**Problem statement:**
All that is wanted is the exact lines from the one with "Treatment of Medial" through the last line of the entries, with both ends kept and every picture left out.

# # # # # # #

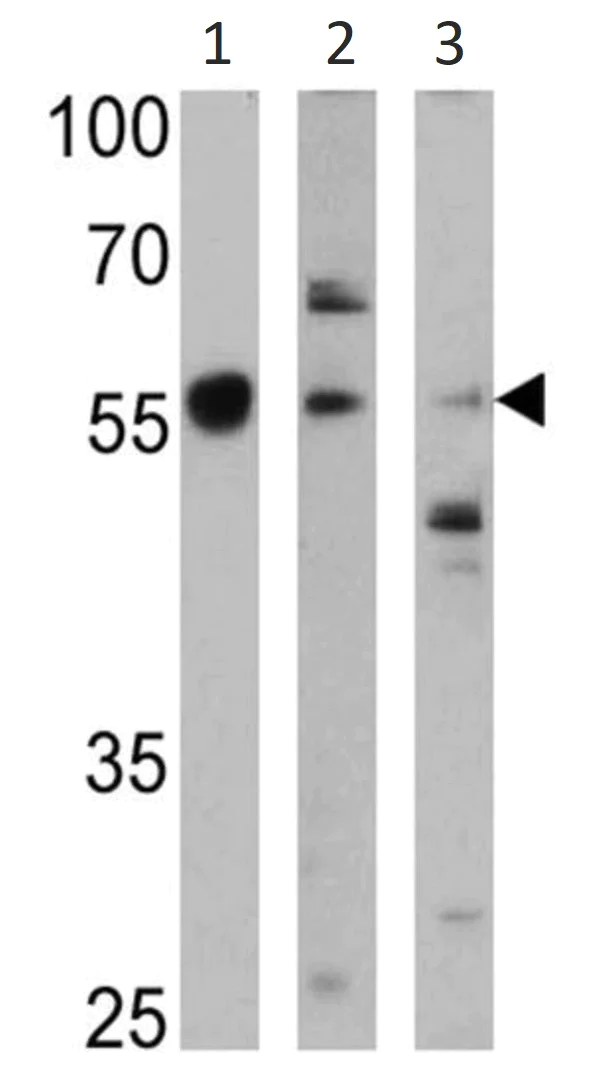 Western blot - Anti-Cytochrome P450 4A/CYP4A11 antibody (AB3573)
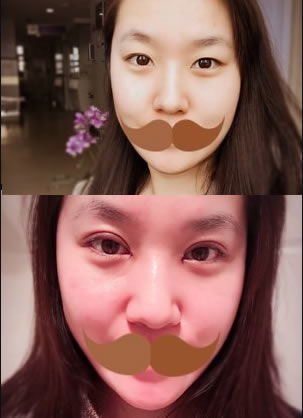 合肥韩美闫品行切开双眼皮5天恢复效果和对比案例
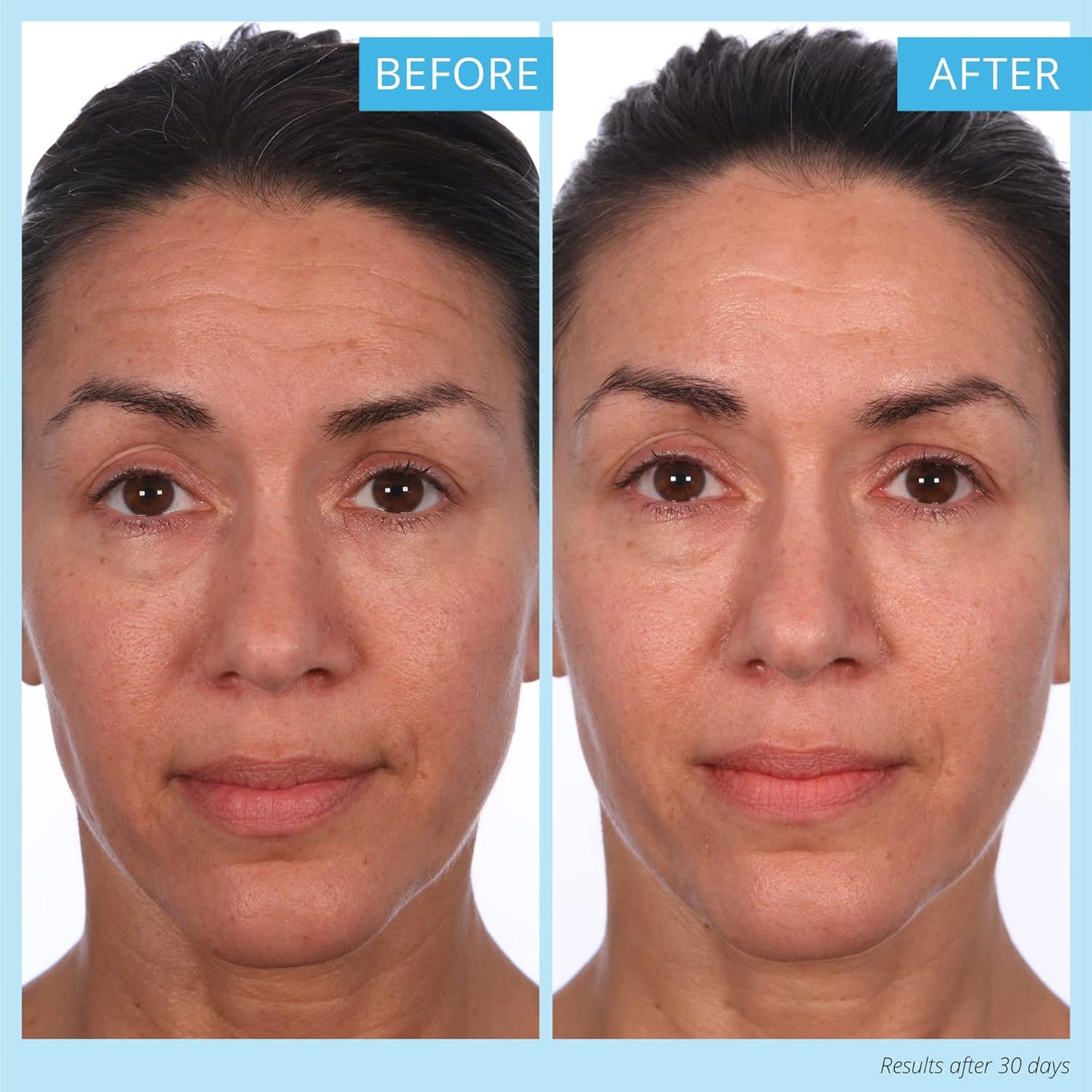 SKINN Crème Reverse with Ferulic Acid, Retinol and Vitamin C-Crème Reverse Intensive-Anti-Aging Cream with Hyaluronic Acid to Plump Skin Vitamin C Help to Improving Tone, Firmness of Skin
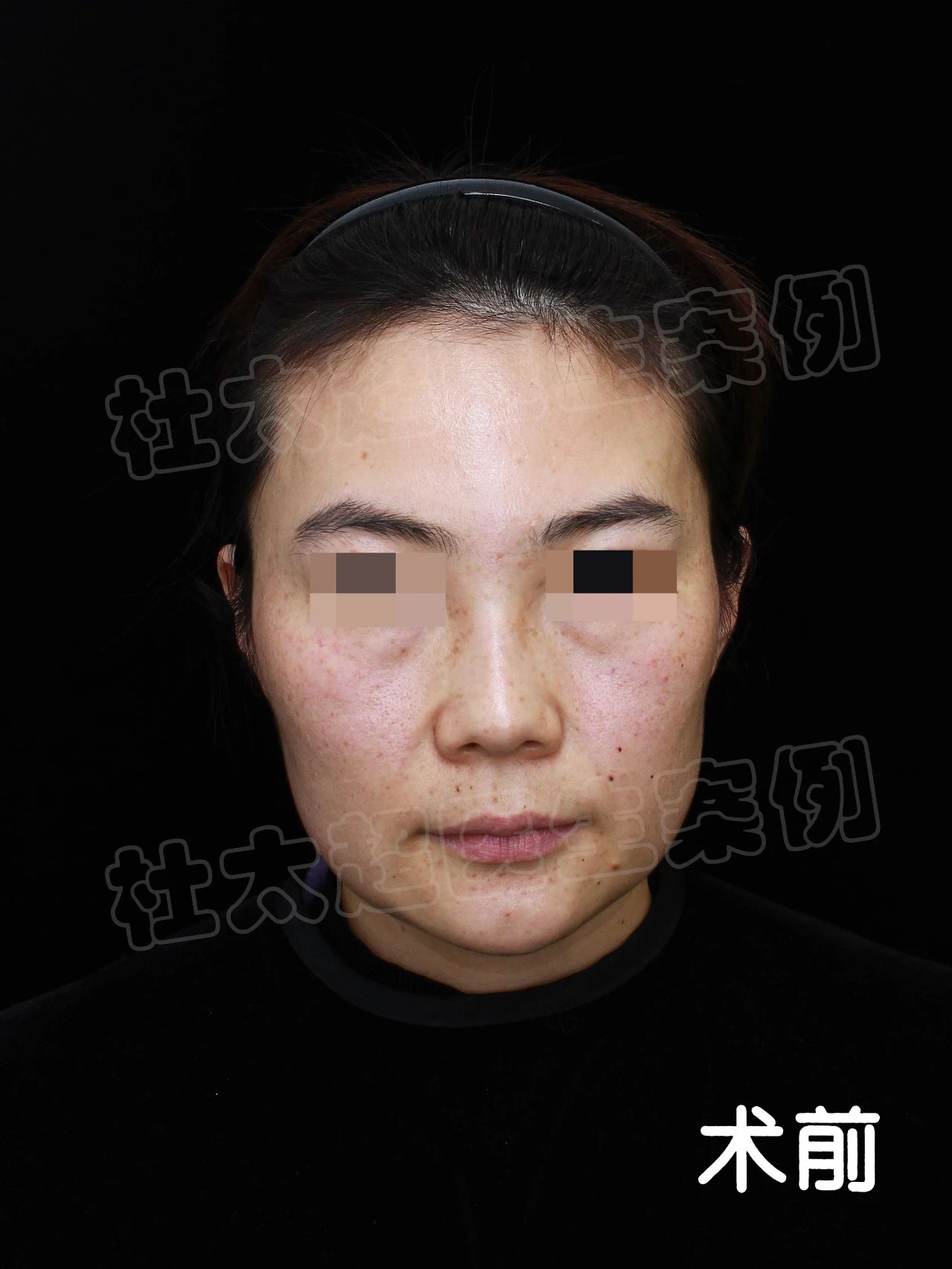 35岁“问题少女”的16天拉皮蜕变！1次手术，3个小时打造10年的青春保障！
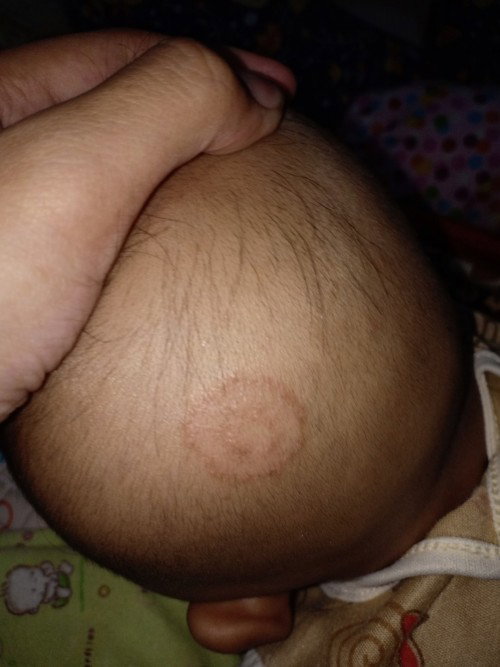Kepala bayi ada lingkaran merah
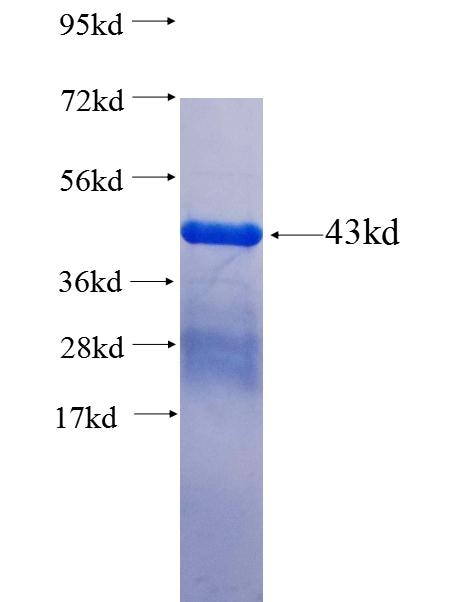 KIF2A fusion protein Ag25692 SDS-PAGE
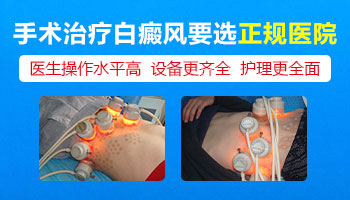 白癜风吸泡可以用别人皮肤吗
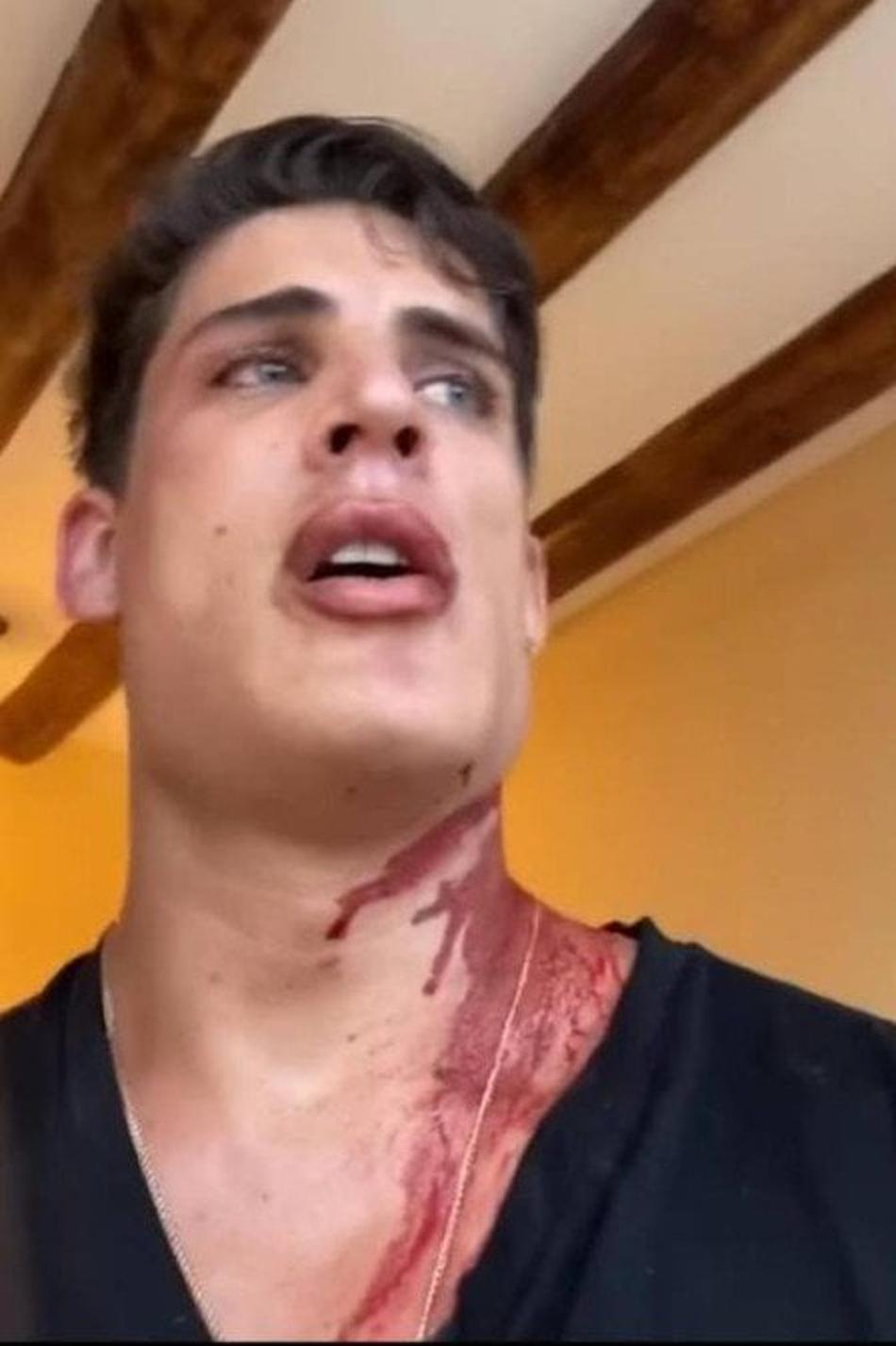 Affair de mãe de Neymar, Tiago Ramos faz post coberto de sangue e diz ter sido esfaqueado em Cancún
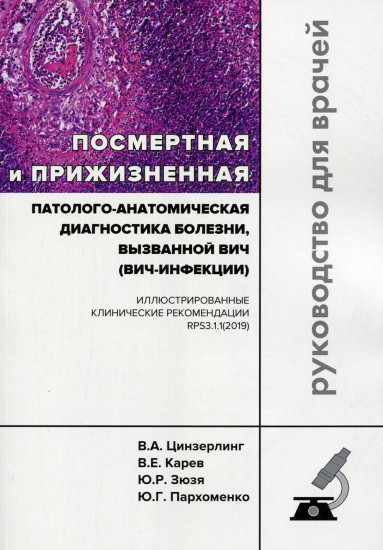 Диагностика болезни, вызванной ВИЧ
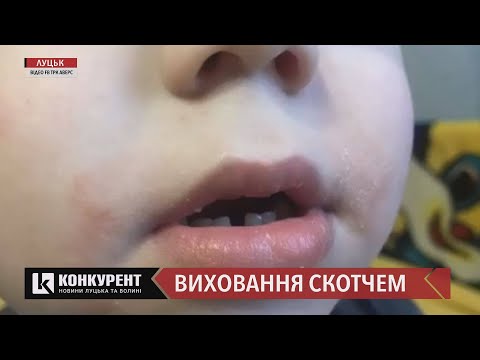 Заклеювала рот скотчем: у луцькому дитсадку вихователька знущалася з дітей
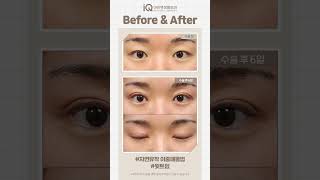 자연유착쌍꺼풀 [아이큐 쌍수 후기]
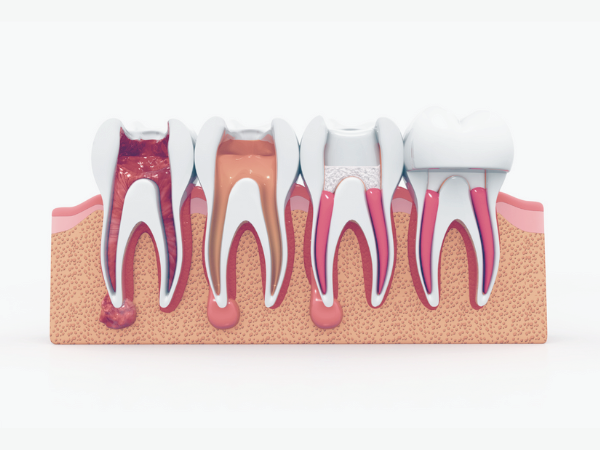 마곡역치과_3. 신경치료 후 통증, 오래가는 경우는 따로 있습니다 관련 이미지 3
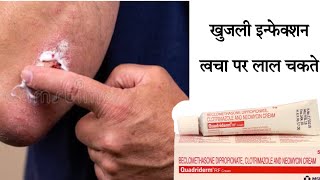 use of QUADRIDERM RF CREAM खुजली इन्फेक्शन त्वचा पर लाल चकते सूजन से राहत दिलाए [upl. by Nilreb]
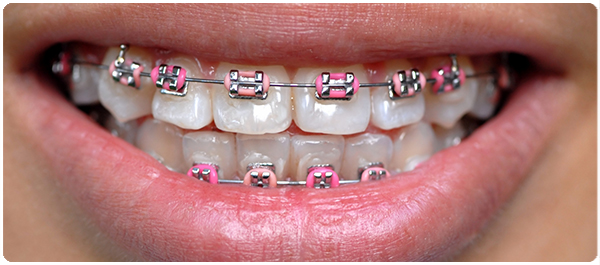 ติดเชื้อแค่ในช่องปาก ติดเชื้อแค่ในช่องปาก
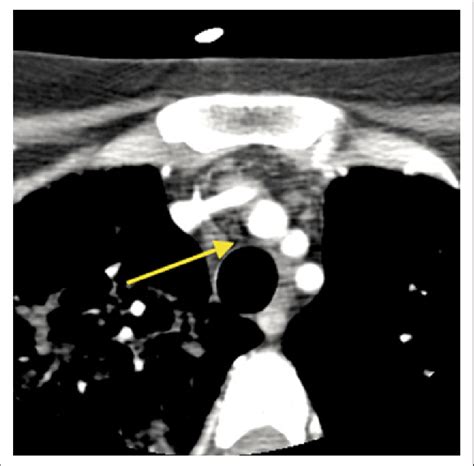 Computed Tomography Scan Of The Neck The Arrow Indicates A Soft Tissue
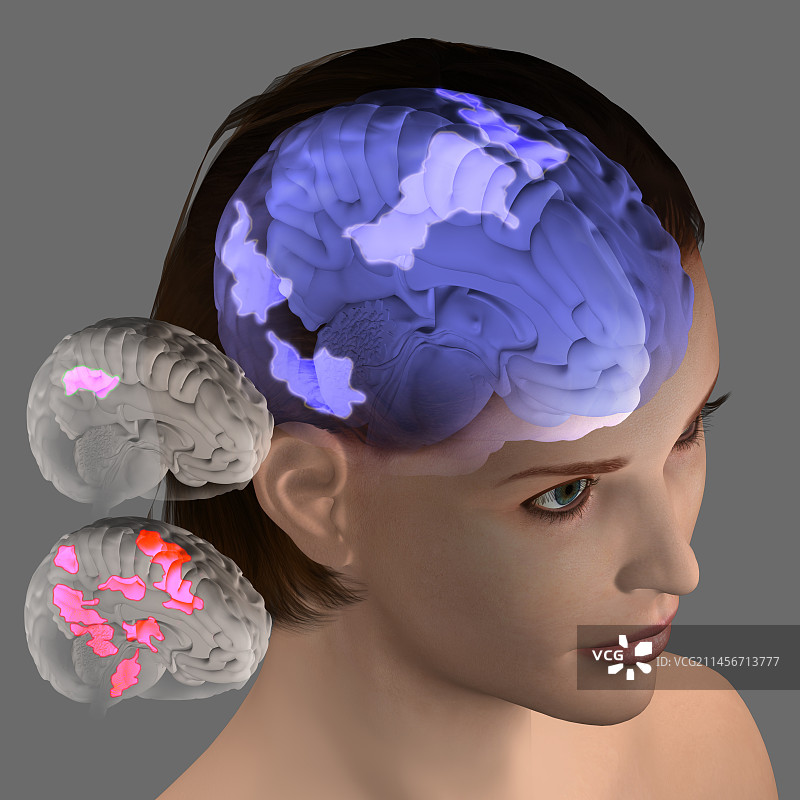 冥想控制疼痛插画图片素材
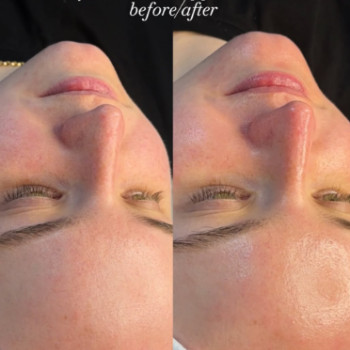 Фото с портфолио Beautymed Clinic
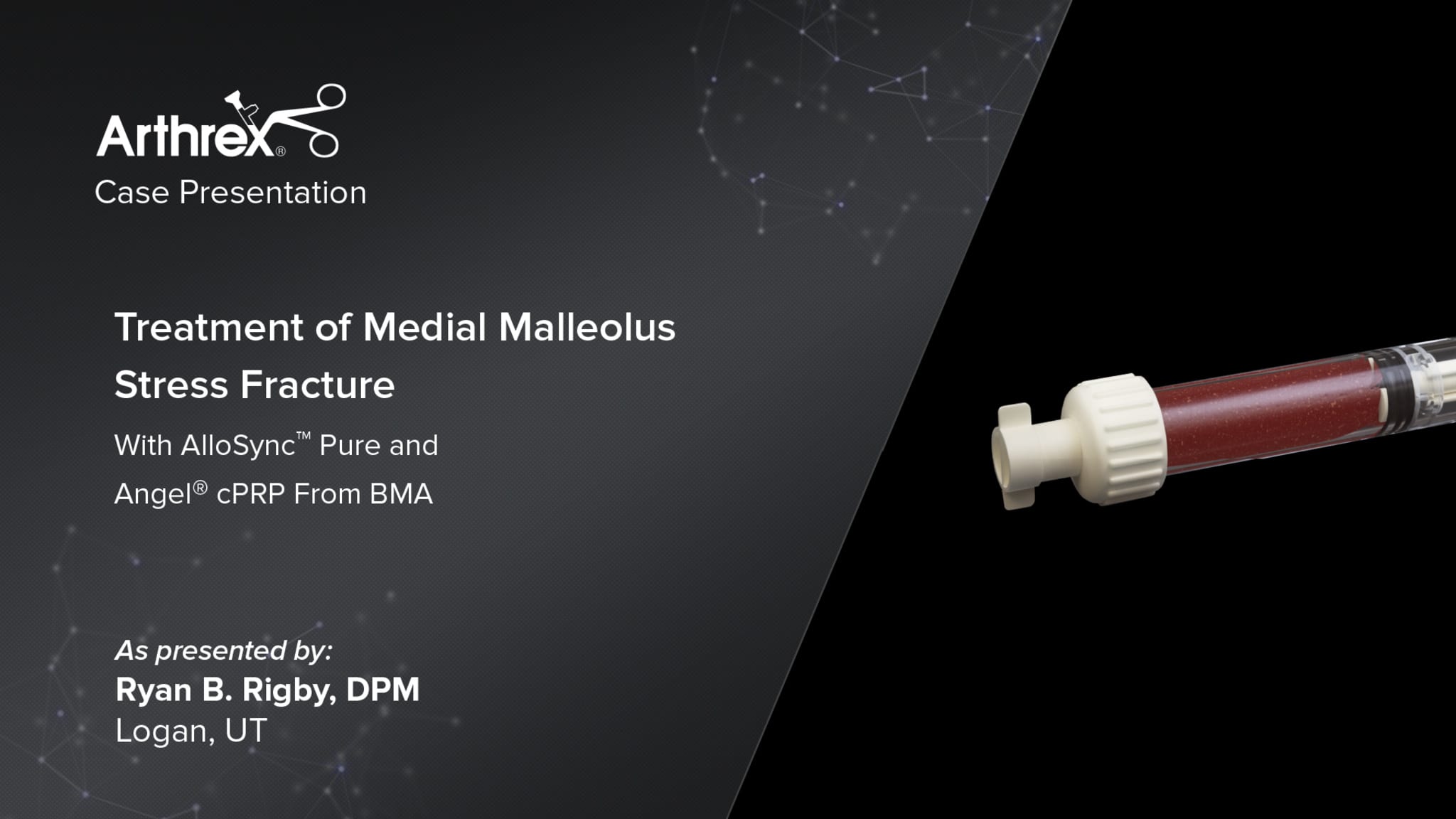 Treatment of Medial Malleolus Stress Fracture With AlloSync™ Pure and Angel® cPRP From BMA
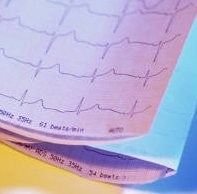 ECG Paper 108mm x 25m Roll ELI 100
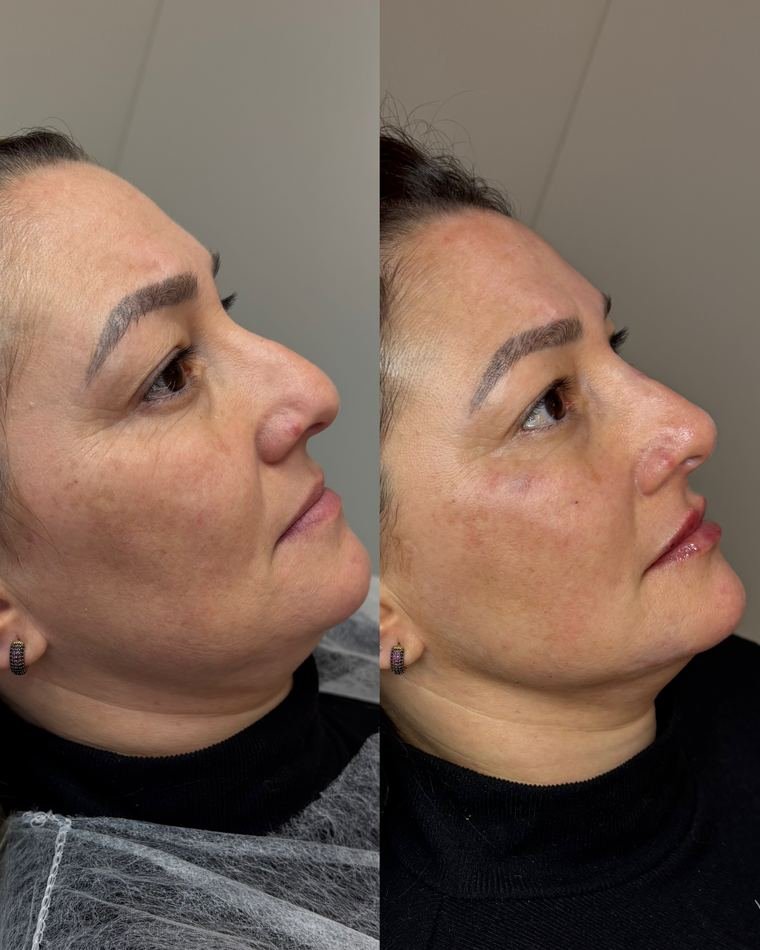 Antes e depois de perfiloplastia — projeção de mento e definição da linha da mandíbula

# # # # # # #

**Response:**
 Treatment of Medial Malleolus Stress Fracture With AlloSync™ Pure and Angel® cPRP From BMA
 ECG Paper 108mm x 25m Roll ELI 100
 Antes e depois de perfiloplastia — projeção de mento e definição da linha da mandíbula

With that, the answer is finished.